[Data for this task Boundary: Start]

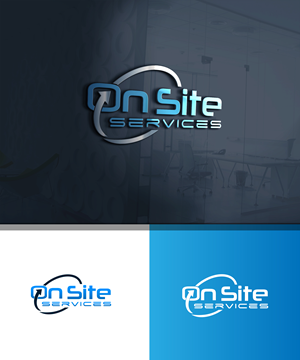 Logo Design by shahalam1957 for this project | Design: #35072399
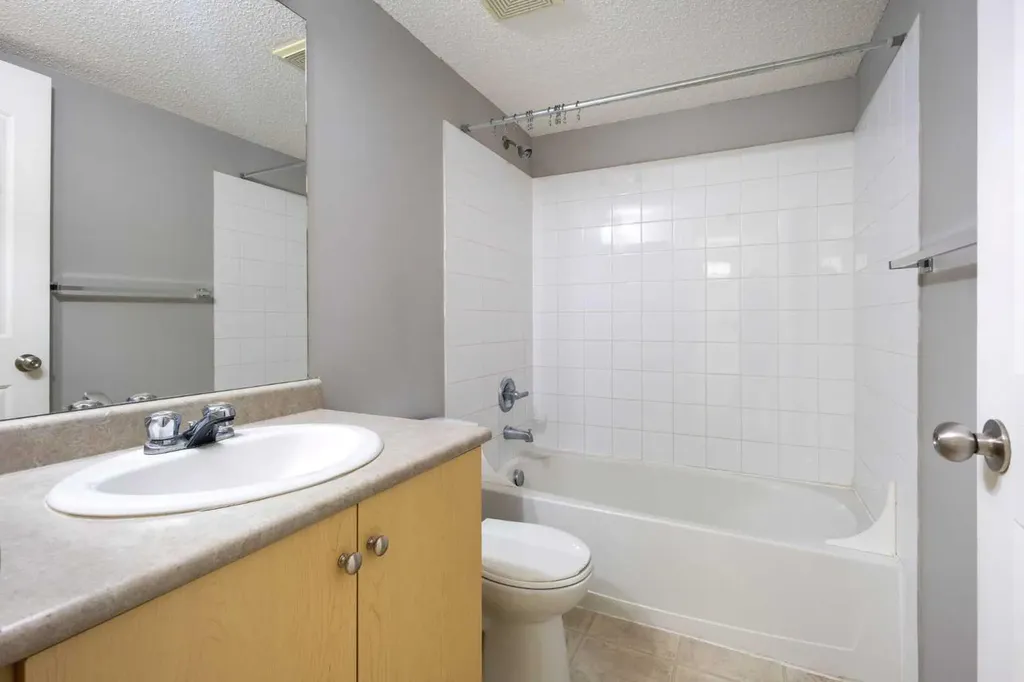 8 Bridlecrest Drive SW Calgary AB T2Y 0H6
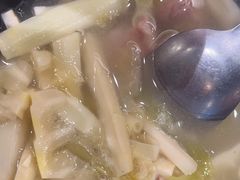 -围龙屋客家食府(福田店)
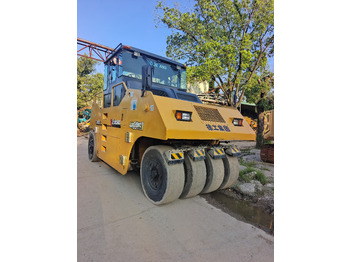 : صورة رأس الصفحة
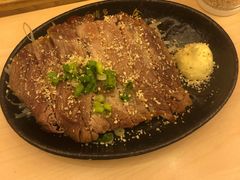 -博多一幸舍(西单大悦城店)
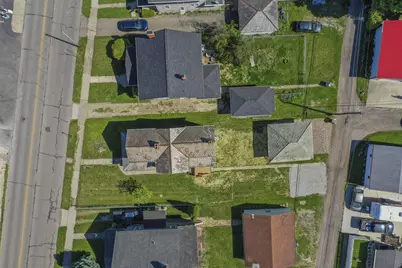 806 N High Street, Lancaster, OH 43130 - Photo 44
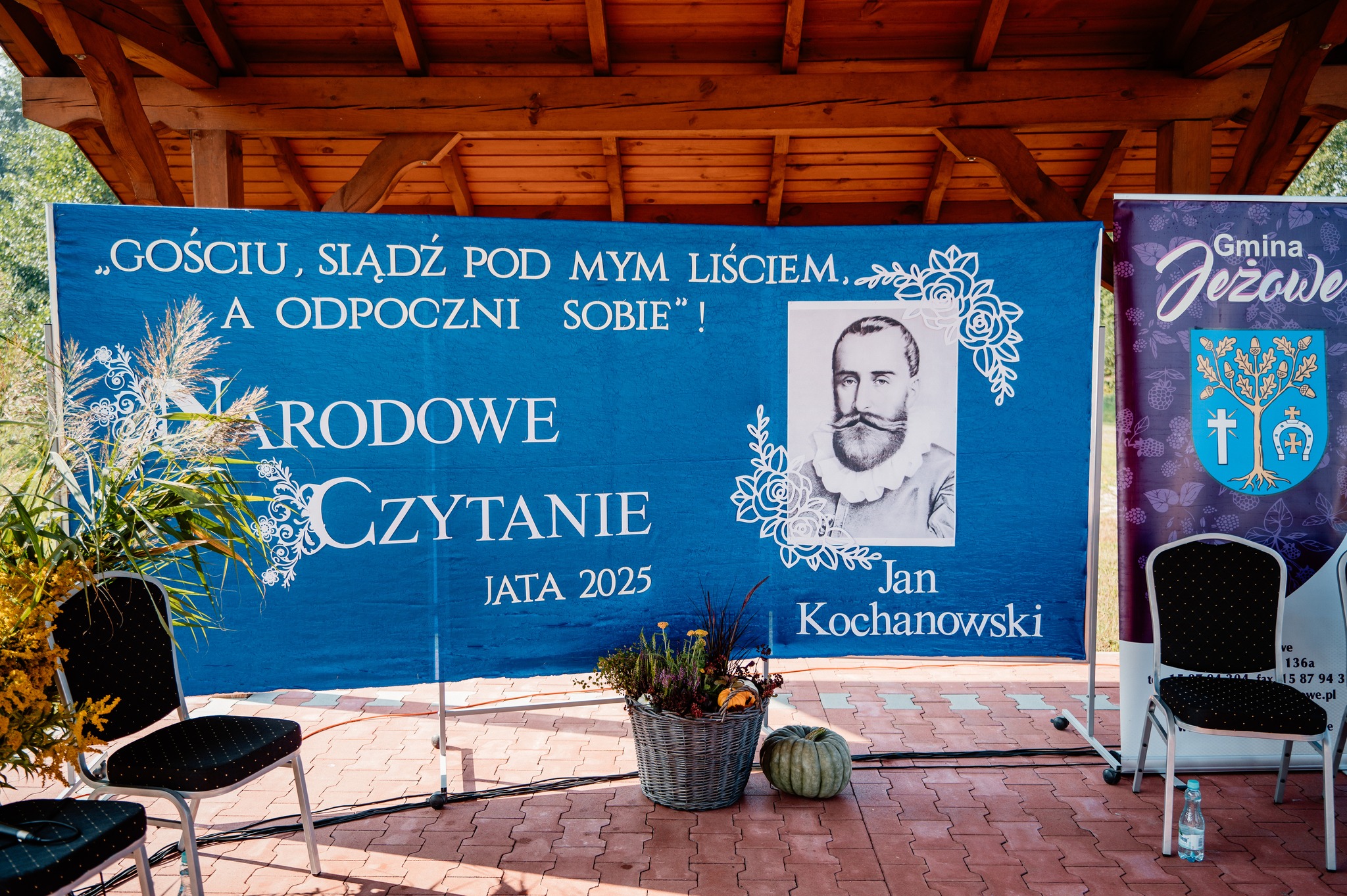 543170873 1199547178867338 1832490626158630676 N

[Data for this task Boundary: End]

**Instructions to follow:** Each entry must be set down word for word; no image may be carried over.

**Problem solution:**
 Logo Design by shahalam1957 for this project | Design: #35072399
 8 Bridlecrest Drive SW Calgary AB T2Y 0H6
 -围龙屋客家食府(福田店)
 : صورة رأس الصفحة
 -博多一幸舍(西单大悦城店)
 806 N High Street, Lancaster, OH 43130 - Photo 44
 543170873 1199547178867338 1832490626158630676 N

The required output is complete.